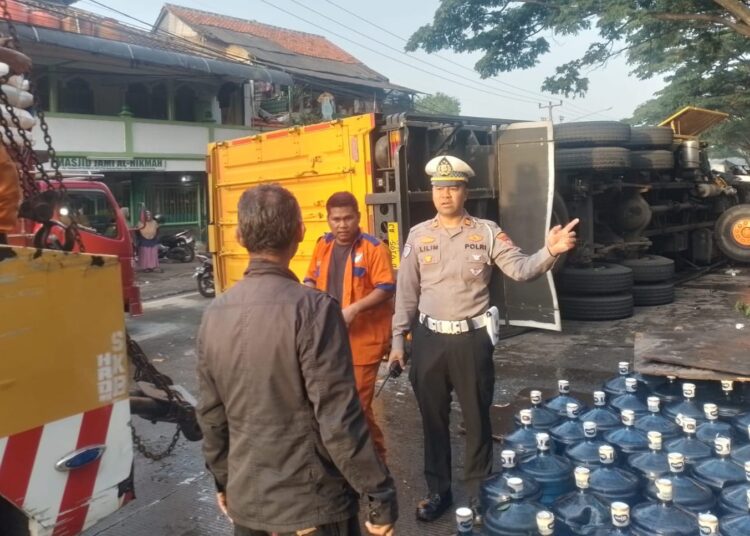 Mobil Box Angkut Air Galon di Rancaekek Loncat ke Pembatas Jalan, Tabrak Pohon, Timpa Bus dan Terguling, 2 Luka, Ini Kronologinya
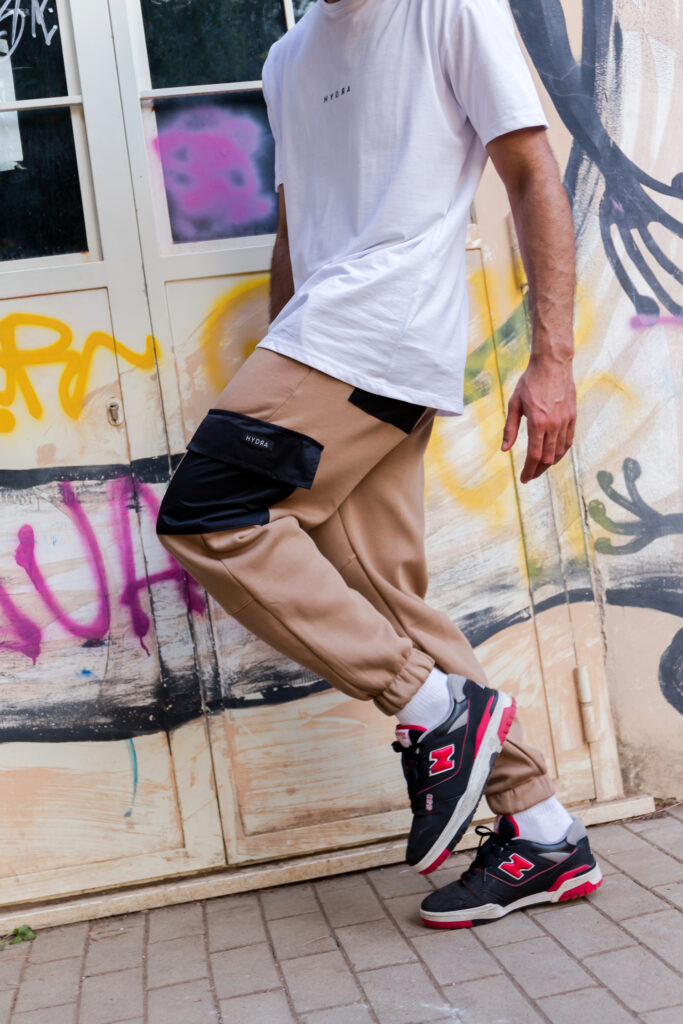 Pantaloni sportivi Hydra Clothing con patch Beige scuro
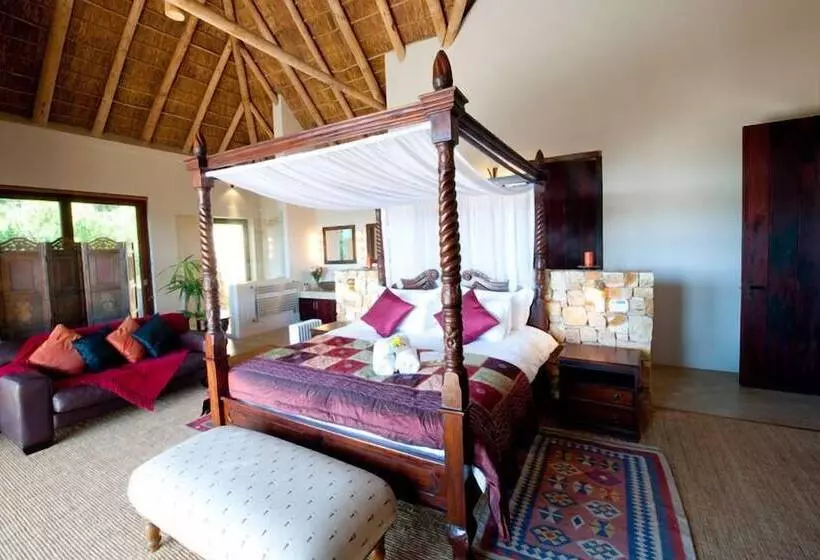 مبيت وإفطار Tamodi Lodge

▶ _What is being asked_
Every line of the data is to be transcribed exactly, and no picture is to be included.

▶ _Written reply_
 Mobil Box Angkut Air Galon di Rancaekek Loncat ke Pembatas Jalan, Tabrak Pohon, Timpa Bus dan Terguling, 2 Luka, Ini Kronologinya
 Pantaloni sportivi Hydra Clothing con patch Beige scuro
 مبيت وإفطار Tamodi Lodge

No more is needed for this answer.